The heart of these stories is a broken one, but one that is still beating. It’s a heart that could turn into a car engine at any moment, could combust, could walk out on its characters leaving blood but no footprints, or footprints but no blood. But it’s a beautiful heart, its hopelessness driving it ever forward, Aliu’s prose the director, or the orchestrator, the force that keeps the heart pumping, spewing its messy insides everywhere it goes.

-Ali Rachel Pearl, The Journal

 

Aliu’s first collection of stories, Domesticated Wild Things, winner of the Prairie Schooner Book Prize, vividly captures the longing, striving and eternal disappointment in one of Connecticut’s downtrodden cities, without a golf course in sight . . . Her dark humor keeps us from being overwhelmed by the futility of her characters’ lives and her knack for choosing the just-right small moment within a life wrought with dysfunction brings her message home without becoming maudlin or preachy.

-Jennifer Wisner Kelly, The Colorado Review

 

Critics used to talk about the “Rough South,” the violent, blue-collar region depicted in the novels and stories of Harry Crews, Larry Brown and North Carolina’s own Tim McLaurin. Xhenet Aliu…finds her subject in what might be called the “Rough North.” Aliu narrates all of this in the manner of Raymond Carver by way of Hemingway: Just the bare facts, ma’am, with adjectives and adverbs in short supply What makes Aliu’s stories bearable is that the human spirit keeps poking through, like a flower in the rubble.

-Ben Steelman, Wilmington Star-News

 

One need look no further than Xhenet Aliu’s slim volume of darkly humorous stories to be reminded that mankind is nothing more than highly evolved animals. Domesticated Wild Things and Other Stories is a masterful collection of humanity at its worst. What remains constant is that these tales are frighteningly recognizable, not due to a lack of originality—for there are unique and bizarre situations—but instead for the stark portrayal of the monsters that lurk inside the people we call family and friends.

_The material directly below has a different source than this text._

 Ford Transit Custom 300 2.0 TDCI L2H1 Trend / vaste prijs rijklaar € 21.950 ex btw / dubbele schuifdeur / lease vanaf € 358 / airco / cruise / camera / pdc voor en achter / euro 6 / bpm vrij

-Joshua Myers, Curled Up With a Good Book

 

There is a sophisticated brand of humor in Aliu’s fiction—her stories in Domesticated Wild Things will make you laugh out loud but will not burden you with any sense of guilt that might come from laughing at people . . . Her affection for her beautifully rendered characters is contagious, making the humor affirming and humanizing.  These are entertaining and insightful stories full of surprises and revelations.